What this task involves: The response should consist of every line below, restated exactly, with no pictures.

Collected data:
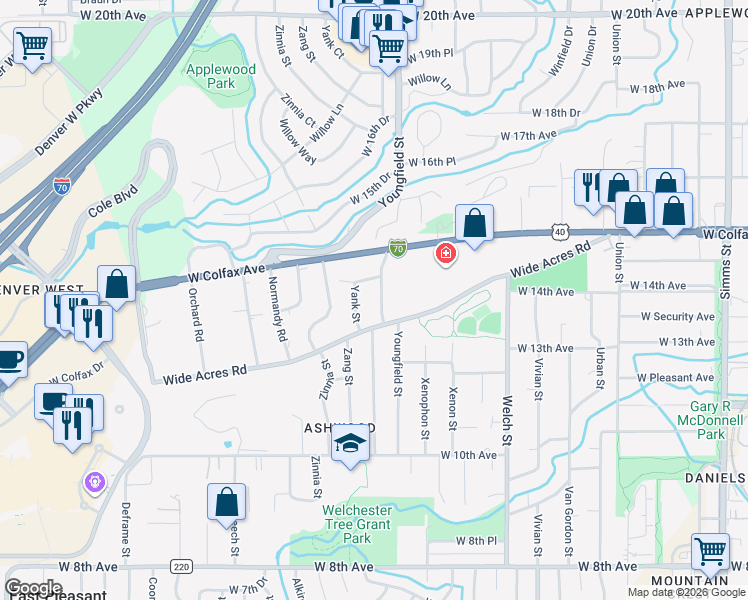 map of restaurants, bars, coffee shops, grocery stores, and more near 1392 Yank Street in Golden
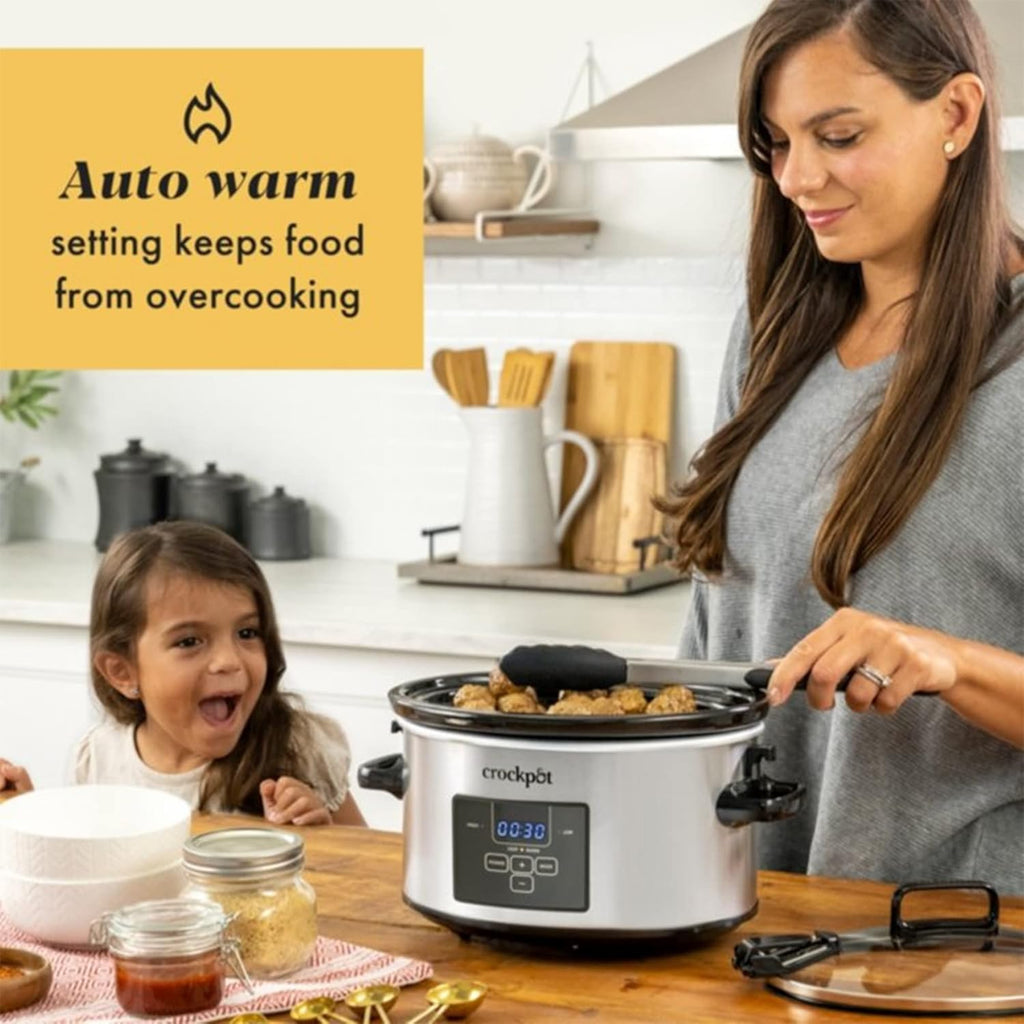 4 Quart Programmable Slow Cooker with Locking Lid, Stainless Steel S43356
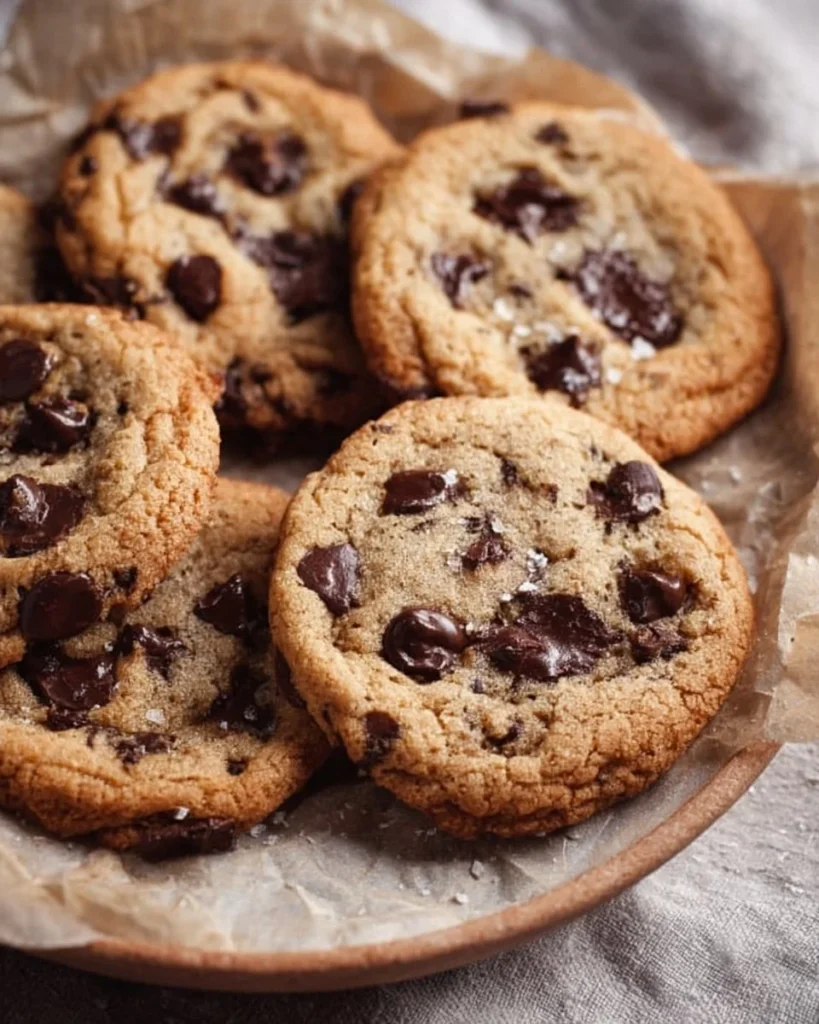 Freshly baked Banana Chocolate Chip Cookies on a cooling rack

Reply to the exercise:
 map of restaurants, bars, coffee shops, grocery stores, and more near 1392 Yank Street in Golden
 4 Quart Programmable Slow Cooker with Locking Lid, Stainless Steel S43356
 Freshly baked Banana Chocolate Chip Cookies on a cooling rack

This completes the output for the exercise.